BEGIN
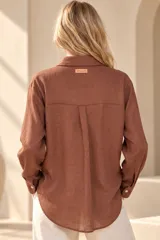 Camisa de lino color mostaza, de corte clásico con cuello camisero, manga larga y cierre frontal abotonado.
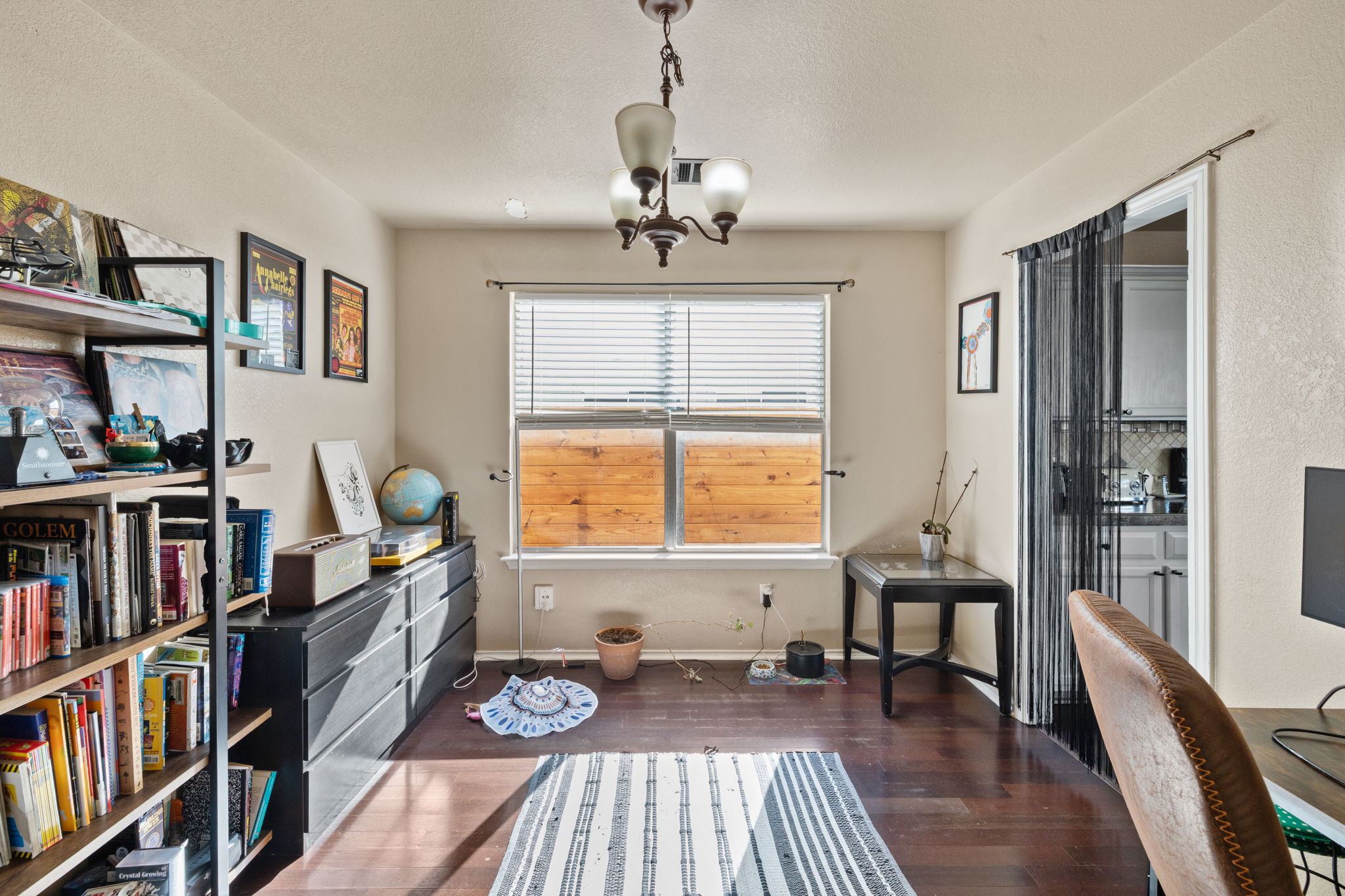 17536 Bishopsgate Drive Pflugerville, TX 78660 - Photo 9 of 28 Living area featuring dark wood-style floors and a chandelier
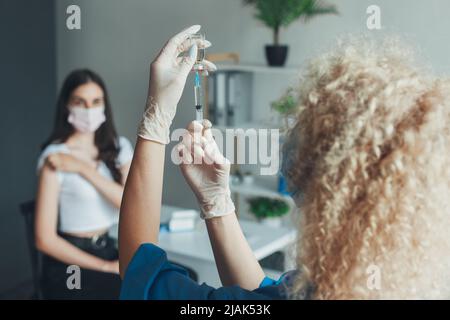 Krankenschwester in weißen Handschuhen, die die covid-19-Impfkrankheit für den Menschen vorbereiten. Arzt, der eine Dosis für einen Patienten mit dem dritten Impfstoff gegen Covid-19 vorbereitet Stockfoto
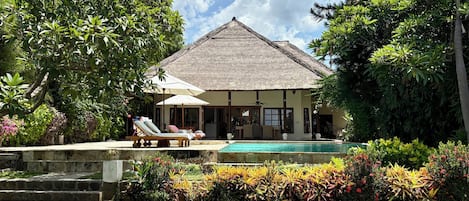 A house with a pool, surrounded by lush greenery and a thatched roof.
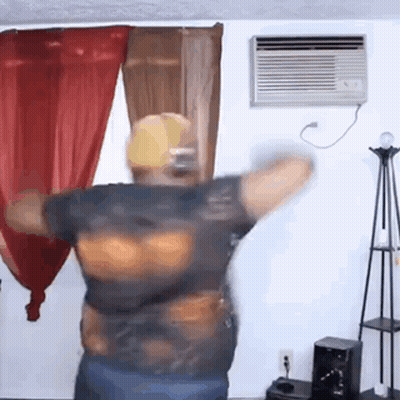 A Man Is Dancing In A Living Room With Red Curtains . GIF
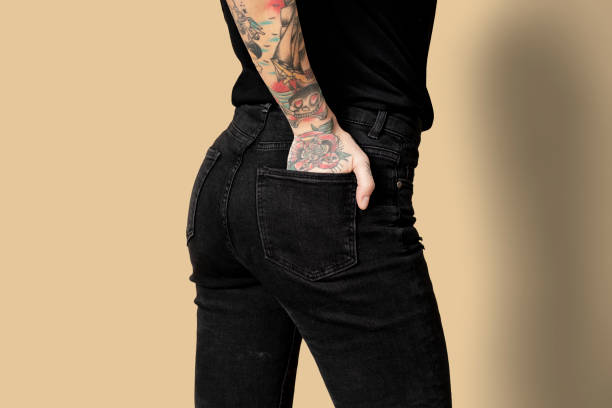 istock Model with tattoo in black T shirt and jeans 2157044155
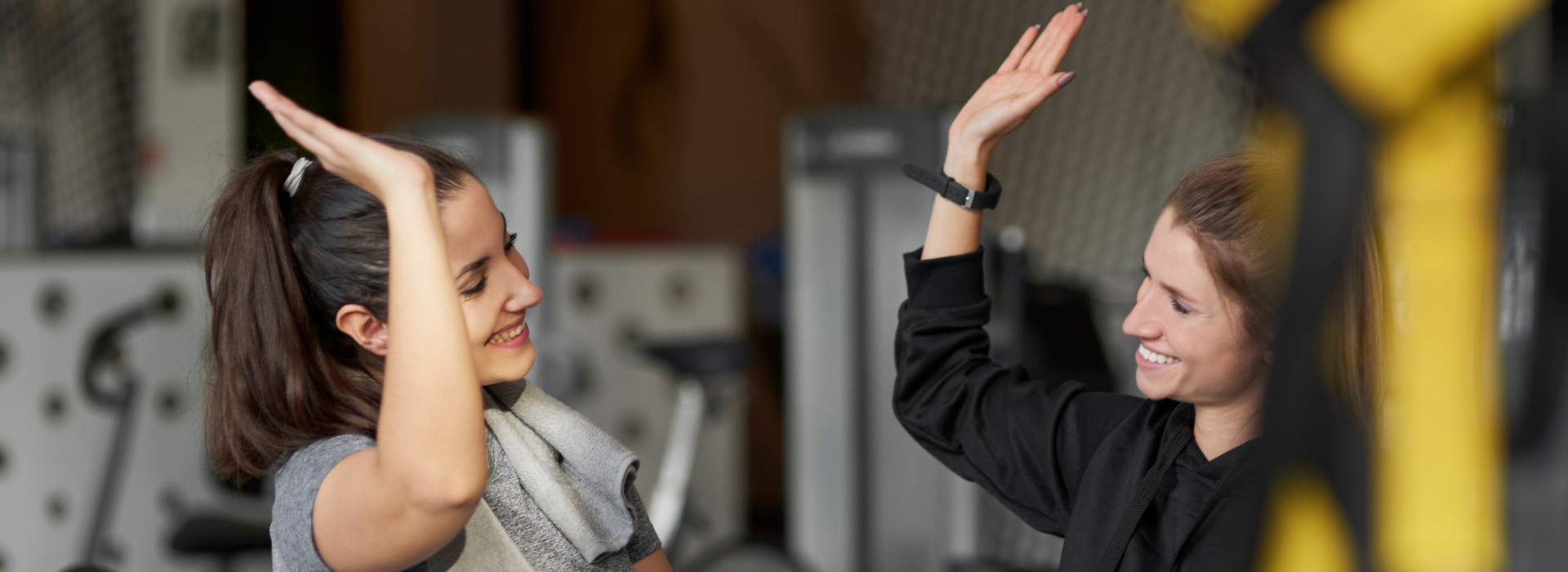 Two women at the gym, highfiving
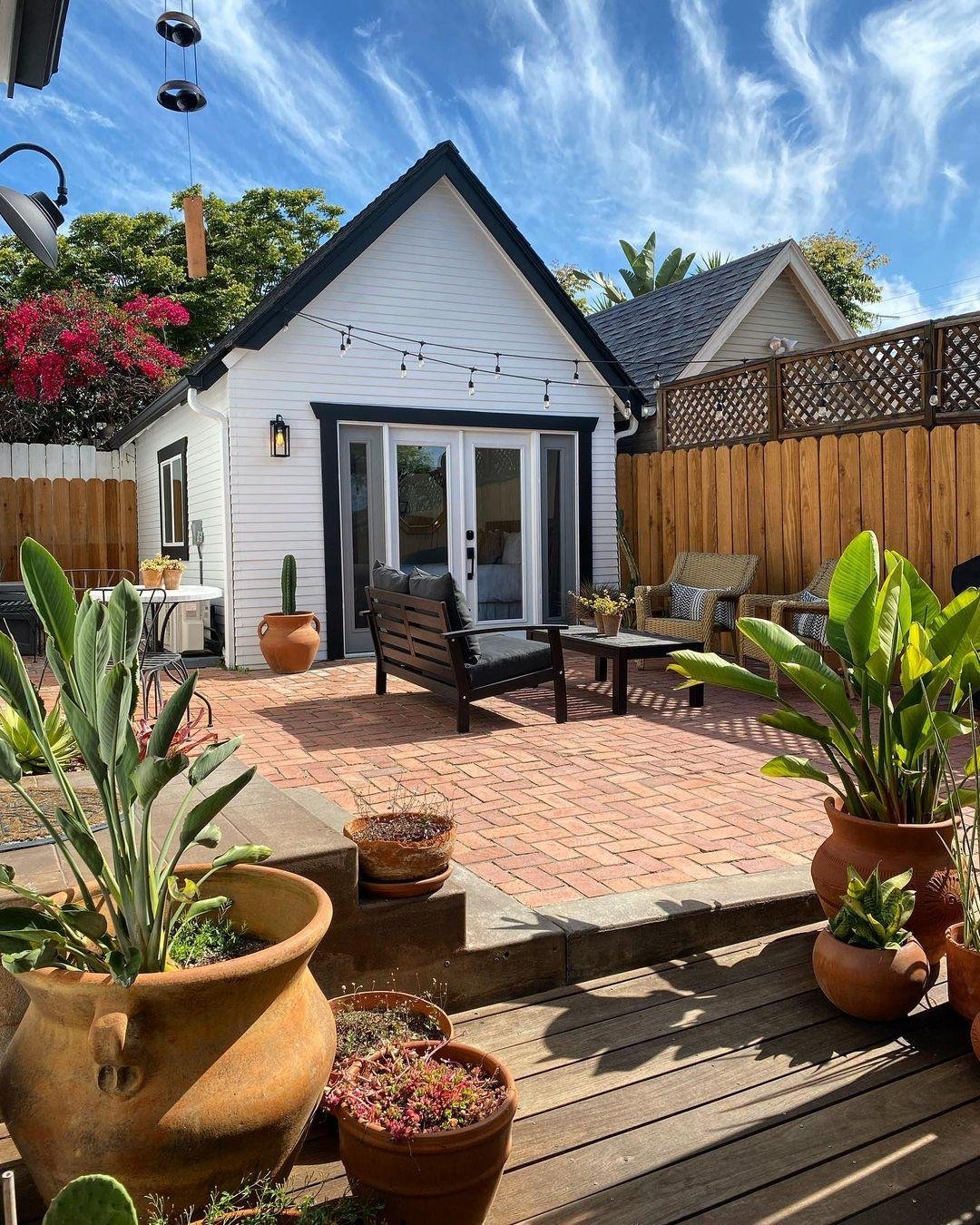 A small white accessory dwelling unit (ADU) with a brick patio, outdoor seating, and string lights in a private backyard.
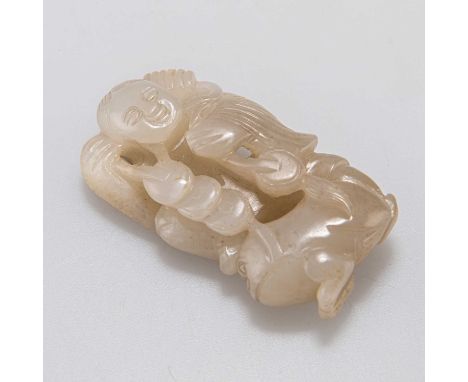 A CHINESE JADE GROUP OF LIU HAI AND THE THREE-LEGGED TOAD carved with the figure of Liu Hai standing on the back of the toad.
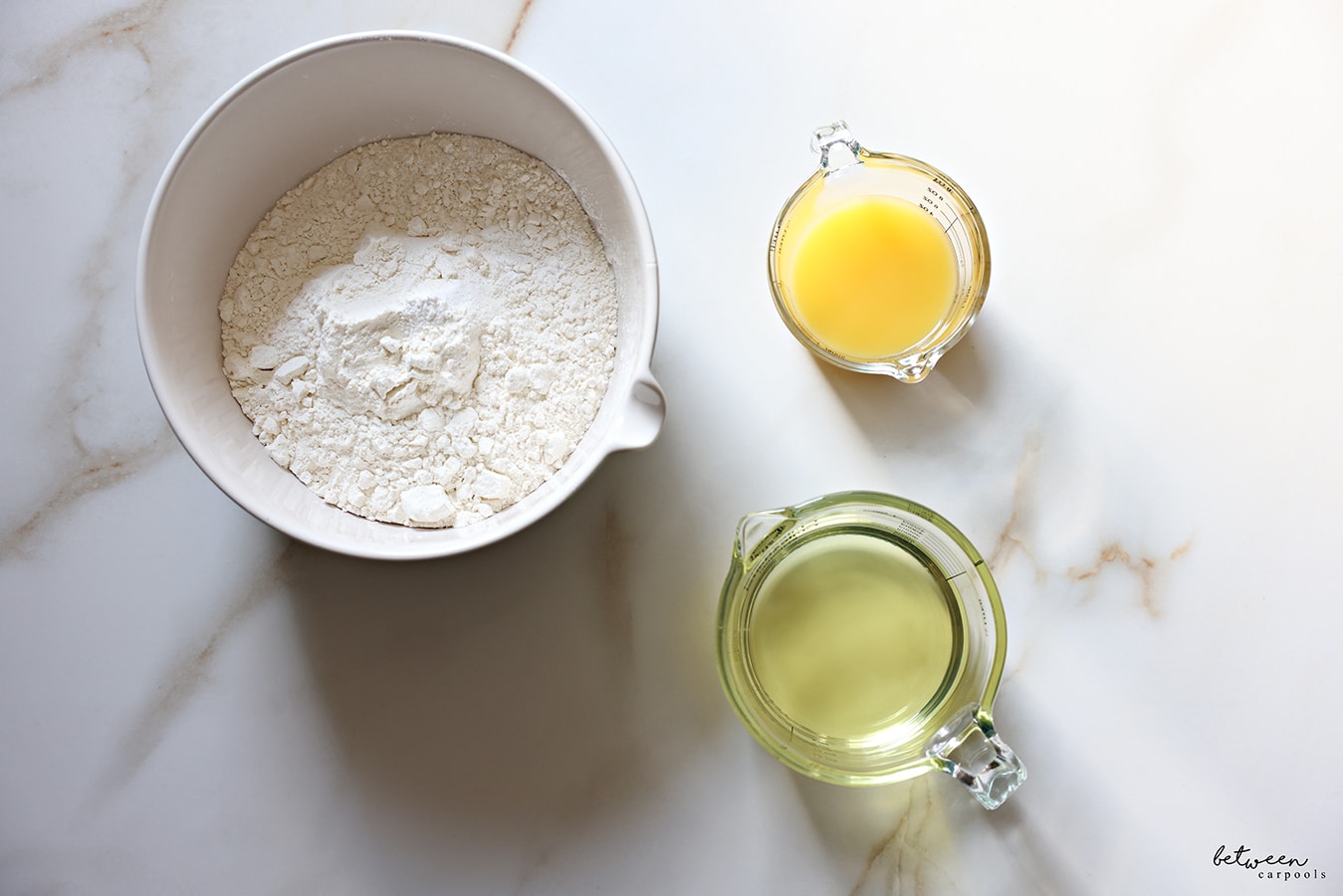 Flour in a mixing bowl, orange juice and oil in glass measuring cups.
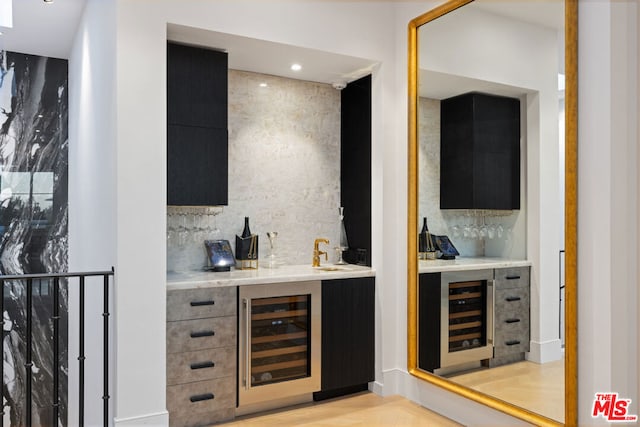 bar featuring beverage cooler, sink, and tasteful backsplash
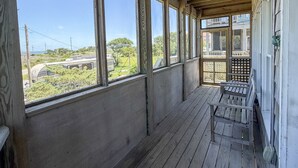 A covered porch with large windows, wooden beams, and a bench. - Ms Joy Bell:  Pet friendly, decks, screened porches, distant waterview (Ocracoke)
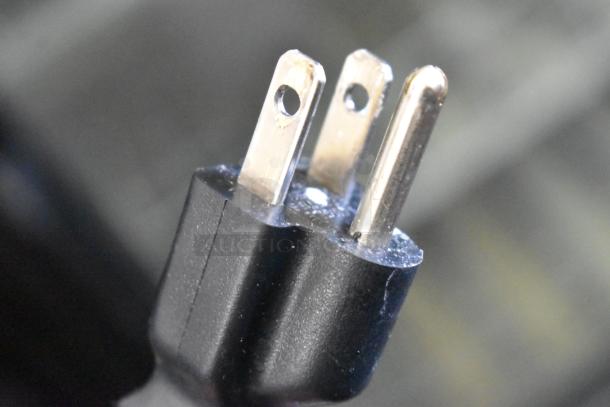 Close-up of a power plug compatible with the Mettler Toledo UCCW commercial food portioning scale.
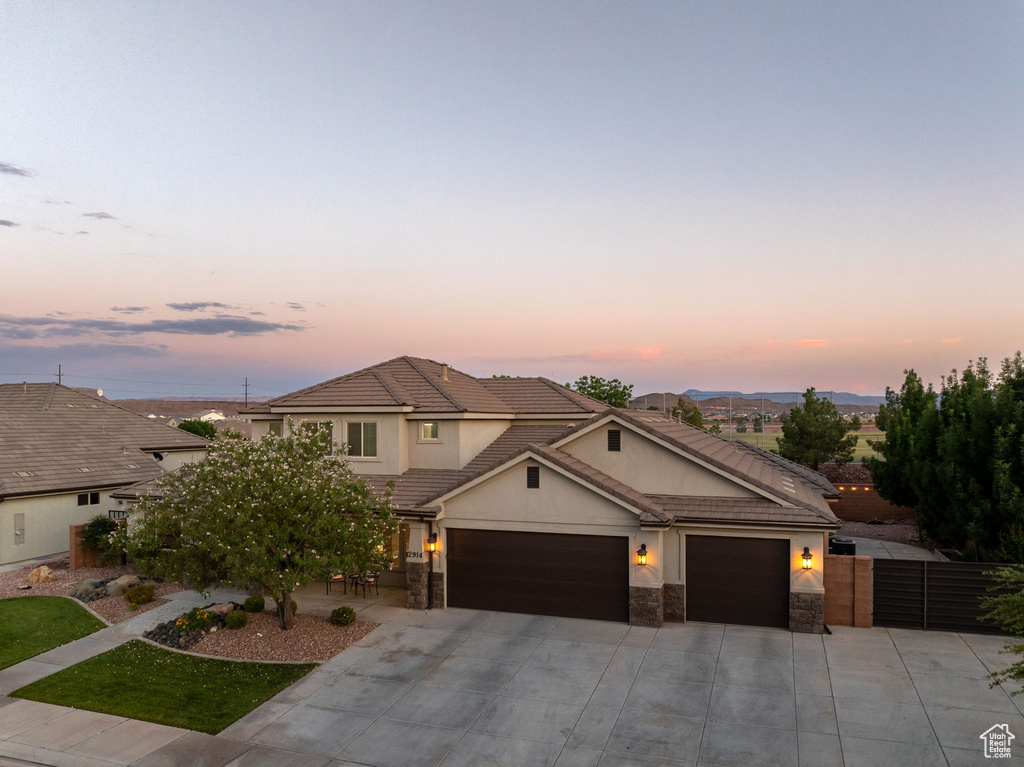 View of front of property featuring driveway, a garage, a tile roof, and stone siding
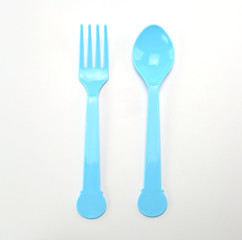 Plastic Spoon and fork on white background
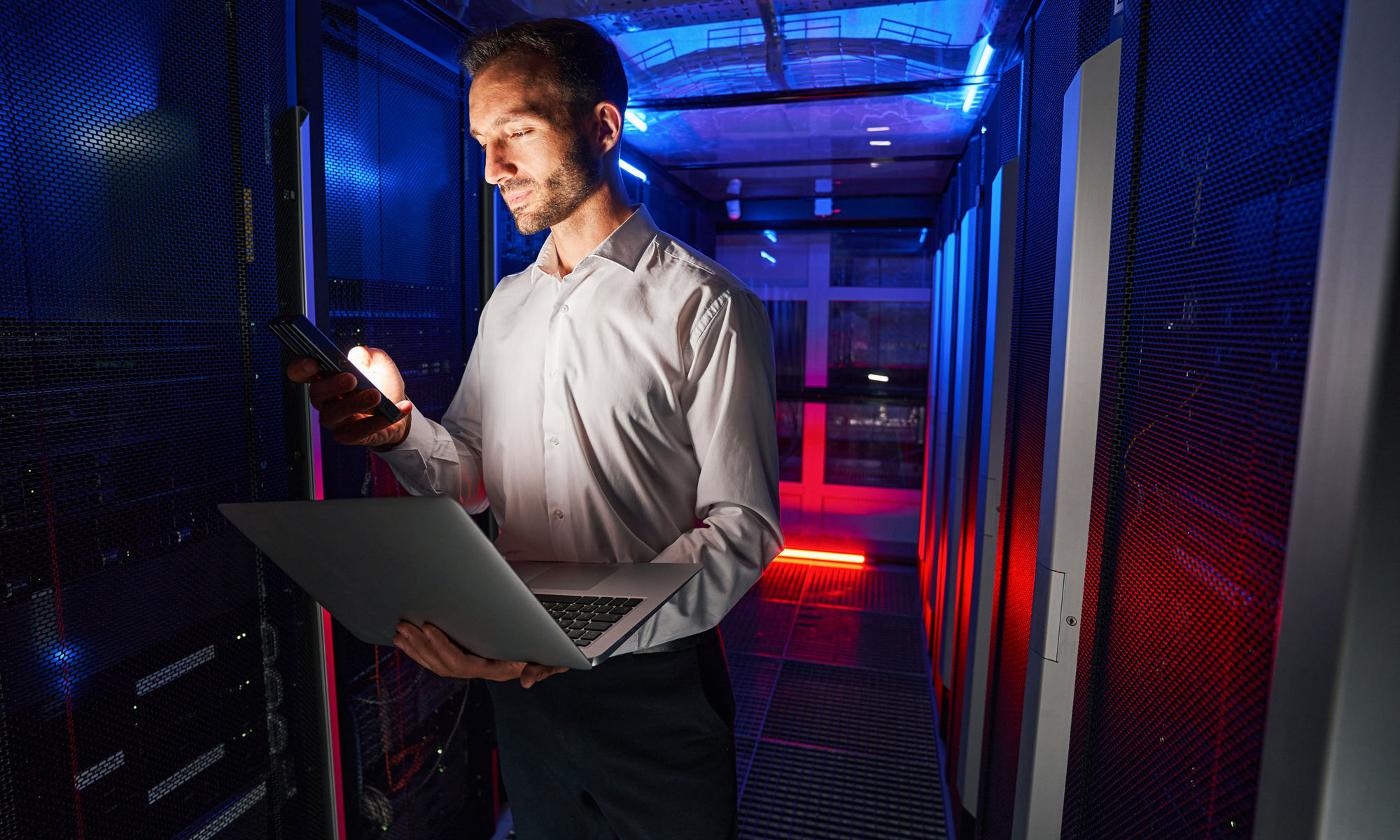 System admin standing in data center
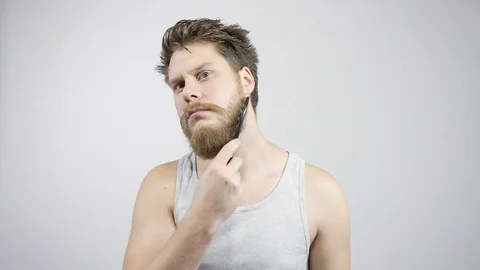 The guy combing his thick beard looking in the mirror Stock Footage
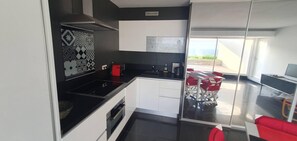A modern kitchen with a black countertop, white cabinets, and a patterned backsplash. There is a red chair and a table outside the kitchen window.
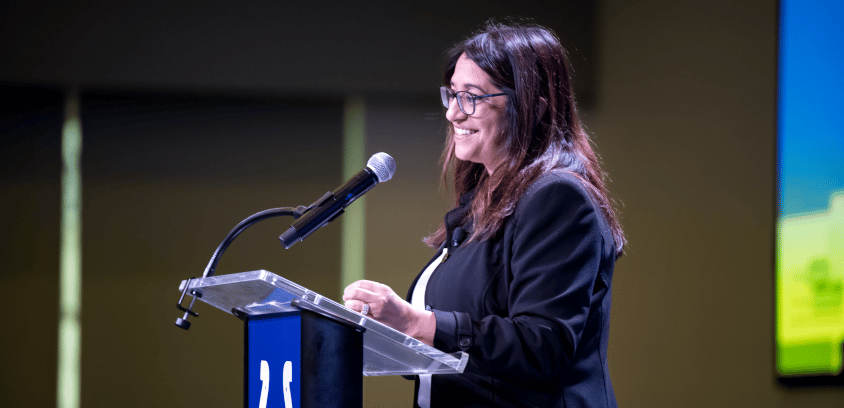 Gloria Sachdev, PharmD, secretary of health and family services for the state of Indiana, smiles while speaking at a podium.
END
Skip all pictures. Write out only the lines from the one containing "View of front" to the end of the listing above, inclusive, exactly as given.

Result of the exercise ::
 View of front of property featuring driveway, a garage, a tile roof, and stone siding
 Plastic Spoon and fork on white background
 System admin standing in data center
 The guy combing his thick beard looking in the mirror Stock Footage
A modern kitchen with a black countertop, white cabinets, and a patterned backsplash. There is a red chair and a table outside the kitchen window.
 Gloria Sachdev, PharmD, secretary of health and family services for the state of Indiana, smiles while speaking at a podium.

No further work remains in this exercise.